White Diamond Research, publishing in Seeking Alpha, has argued that providing video products as a service (vPaaS) is unlikely to benefit The Meet Group (MEET) in the long term.
The social entertainment firm, parent to brands including Skout, Tagged and MeetMe, brought in vPaaS to enable it to work with third party social networks in ways other than by making acquisitions.
CEO Geoff Cook explained in a Q3 statement that the end of 2019 would be dedicated to testing the new functionality. The Meet Group has pushed back video integration for Growlr in order to prioritise vPaaS rollout.

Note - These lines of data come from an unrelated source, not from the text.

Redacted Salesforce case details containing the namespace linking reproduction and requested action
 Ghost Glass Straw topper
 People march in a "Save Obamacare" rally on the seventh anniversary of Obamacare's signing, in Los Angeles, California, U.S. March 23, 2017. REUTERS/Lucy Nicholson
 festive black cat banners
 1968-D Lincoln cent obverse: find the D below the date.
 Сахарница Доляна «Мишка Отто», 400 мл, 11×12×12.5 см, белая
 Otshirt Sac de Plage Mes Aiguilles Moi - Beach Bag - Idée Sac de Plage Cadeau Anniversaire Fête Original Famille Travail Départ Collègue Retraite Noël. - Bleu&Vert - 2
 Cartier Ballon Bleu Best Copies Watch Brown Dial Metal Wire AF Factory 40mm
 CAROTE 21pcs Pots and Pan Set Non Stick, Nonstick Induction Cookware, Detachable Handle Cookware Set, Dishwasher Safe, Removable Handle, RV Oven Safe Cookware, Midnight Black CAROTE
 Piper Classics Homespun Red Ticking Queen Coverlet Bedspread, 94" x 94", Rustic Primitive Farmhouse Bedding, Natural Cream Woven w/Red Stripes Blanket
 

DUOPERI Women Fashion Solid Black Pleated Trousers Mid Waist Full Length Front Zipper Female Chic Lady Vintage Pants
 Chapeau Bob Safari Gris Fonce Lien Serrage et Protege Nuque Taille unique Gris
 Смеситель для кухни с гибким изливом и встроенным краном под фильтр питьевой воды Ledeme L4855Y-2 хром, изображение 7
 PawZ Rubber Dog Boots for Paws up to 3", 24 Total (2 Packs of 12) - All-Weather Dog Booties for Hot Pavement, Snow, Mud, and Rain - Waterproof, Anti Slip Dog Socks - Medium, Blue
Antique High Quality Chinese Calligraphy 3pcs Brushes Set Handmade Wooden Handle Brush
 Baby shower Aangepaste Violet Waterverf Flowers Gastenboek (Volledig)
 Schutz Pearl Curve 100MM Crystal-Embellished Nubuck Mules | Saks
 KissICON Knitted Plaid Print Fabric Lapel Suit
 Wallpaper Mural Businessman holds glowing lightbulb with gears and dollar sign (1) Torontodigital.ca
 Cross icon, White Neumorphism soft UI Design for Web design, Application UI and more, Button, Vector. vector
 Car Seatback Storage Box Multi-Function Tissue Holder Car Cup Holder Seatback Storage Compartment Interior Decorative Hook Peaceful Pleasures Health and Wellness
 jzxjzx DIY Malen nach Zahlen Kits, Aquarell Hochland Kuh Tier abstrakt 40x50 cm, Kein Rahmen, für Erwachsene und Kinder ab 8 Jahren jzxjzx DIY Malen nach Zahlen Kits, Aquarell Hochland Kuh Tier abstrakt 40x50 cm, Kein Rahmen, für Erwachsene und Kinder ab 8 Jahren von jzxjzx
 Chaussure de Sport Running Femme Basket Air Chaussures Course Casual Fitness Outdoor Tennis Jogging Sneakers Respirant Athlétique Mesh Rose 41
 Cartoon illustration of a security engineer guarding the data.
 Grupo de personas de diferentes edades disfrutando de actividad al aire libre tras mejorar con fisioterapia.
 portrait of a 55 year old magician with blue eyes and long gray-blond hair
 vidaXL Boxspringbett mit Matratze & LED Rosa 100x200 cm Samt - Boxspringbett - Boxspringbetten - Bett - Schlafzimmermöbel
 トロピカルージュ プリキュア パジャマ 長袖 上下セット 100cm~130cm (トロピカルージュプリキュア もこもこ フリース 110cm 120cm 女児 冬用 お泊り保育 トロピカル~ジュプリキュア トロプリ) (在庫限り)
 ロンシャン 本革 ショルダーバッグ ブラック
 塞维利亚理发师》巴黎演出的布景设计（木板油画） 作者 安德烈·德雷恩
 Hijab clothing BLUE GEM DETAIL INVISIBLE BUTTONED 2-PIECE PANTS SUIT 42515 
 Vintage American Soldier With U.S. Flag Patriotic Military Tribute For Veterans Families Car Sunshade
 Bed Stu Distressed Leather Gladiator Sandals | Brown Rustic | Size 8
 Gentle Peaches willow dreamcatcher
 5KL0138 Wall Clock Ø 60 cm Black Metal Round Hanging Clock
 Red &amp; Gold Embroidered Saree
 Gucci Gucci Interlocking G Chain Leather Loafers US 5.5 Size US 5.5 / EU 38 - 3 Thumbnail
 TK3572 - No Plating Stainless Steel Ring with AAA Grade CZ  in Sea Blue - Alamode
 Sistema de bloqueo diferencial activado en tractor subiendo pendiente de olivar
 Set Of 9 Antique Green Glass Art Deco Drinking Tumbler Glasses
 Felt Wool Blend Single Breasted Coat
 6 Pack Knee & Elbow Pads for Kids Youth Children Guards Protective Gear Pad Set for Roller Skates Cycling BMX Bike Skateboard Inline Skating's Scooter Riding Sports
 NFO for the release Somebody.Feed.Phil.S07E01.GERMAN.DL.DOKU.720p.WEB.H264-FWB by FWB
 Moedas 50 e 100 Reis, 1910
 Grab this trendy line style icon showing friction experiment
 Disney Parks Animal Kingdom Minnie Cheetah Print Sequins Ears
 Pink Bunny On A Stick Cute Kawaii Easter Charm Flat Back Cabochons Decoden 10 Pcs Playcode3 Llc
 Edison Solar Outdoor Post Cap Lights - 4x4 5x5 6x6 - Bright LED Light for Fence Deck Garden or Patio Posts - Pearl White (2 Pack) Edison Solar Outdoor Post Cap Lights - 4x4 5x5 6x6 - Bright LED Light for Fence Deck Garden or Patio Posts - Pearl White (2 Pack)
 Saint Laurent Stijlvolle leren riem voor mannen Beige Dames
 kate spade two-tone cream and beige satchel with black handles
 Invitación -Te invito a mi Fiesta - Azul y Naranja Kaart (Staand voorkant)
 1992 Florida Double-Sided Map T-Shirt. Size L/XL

The Seeking Alpha analysis reads: “Live streaming isn’t complicated technology, it’s what Facebook and YouTube and some other social media sites have. Most of it is stupid content, like girls dancing in a club or eating snacks.
“The whole excitement about MEET’s video streaming is being able to have the network effect, i.e. Youtube has a billion videos and viewers. The network effect is what makes it valuable, not the code that drives the technology.
“However, MEET has low user count and thus no network effect. It’s not about the IP (intellectual property), and MEET doesn’t have any IP in regards to its technology.”
The piece goes on to outline The Meet Group’s partnership with Match Group, which is in the process of introducing streaming to brands including POF.
It notes that if the product changes prove successful for the market leader, it may look to develop its own tech stack and avoid sharing any revenues.
At the time of writing, The Meet Group is trading at $5.10, giving the group a market cap of $365 million.